Books

Is God a Vegetarian? by Richard Alan Young

By Richard Alan Young, Is God a Vegetarian. (Open Court, 187 pp.)

The pastor of my church was surprised when I suggested that Adam and Eve were vegetarians. I was even more surprised by his insistence that I was wrong. Why do so few Christians--including clergy--know what the Bible has to say about animals? Why is the Bible's vision of an original and eventual vegetarian world seldom encountered in the church? Meat predominates at church potlucks. And even atheists believe, so goes the joke, that God gave us the right to eat meat.

Richard Alan Young, a professor of New Testament at Temple Baptist Seminary, has written an accessible and comprehensive book on vegetarianism. Without making outlandish claims, he sorts through the Bible's many references to animals and diet in order to articulate Christian vision of food. He takes as his principle a twist on an old saying: the unexamined meal is not worth eating.

The biblical story begins and ends with a noncarnivorous creation, but in between, God explicitly permits meat eating after the flood, Jesus eats fish, and Paul seems to condemn vegetarianism (1 Tim. 4:13). Can one come to a consistent theological position on this issue? Certainly, no Christian theologian can argue that the Bible condemns meat eating altogether. However, a good case can be made that vegetarianism is a valid and valuable way of anticipating the kingdom of God by practicing what God most intends for the world.

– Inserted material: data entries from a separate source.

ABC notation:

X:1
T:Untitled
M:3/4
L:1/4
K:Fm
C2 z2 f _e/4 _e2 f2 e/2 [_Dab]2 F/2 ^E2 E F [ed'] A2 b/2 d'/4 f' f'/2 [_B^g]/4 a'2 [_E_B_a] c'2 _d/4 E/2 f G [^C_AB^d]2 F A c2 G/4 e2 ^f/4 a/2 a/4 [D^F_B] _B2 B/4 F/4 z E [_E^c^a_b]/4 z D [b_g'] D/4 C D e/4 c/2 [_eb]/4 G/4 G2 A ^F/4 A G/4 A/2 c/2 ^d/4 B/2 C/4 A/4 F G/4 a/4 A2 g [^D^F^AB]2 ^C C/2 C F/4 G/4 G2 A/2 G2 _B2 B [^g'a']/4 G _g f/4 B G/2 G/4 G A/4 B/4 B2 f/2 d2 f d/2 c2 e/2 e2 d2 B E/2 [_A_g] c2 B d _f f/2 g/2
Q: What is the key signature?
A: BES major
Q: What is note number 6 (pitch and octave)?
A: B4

It is much easier to persuade people that vegetarianism is valuable than it is to empower them to change their lives. Young includes some recipes to help with that process. Nevertheless, although I agree with Young's reading of the Bible, I also think that the Bible is realistic about most people's ability to change their diet. While the Israelites ate manna, they continued to long for the fleshpots of Egypt. Dramatic change in our diet will come only when the church begins to take eschatology seriously and people come to see that vegetarianism is not a fad but the evidence of a total transformation--a conversion away from the values of this world and toward the world as God originally created it and will one day create it anew.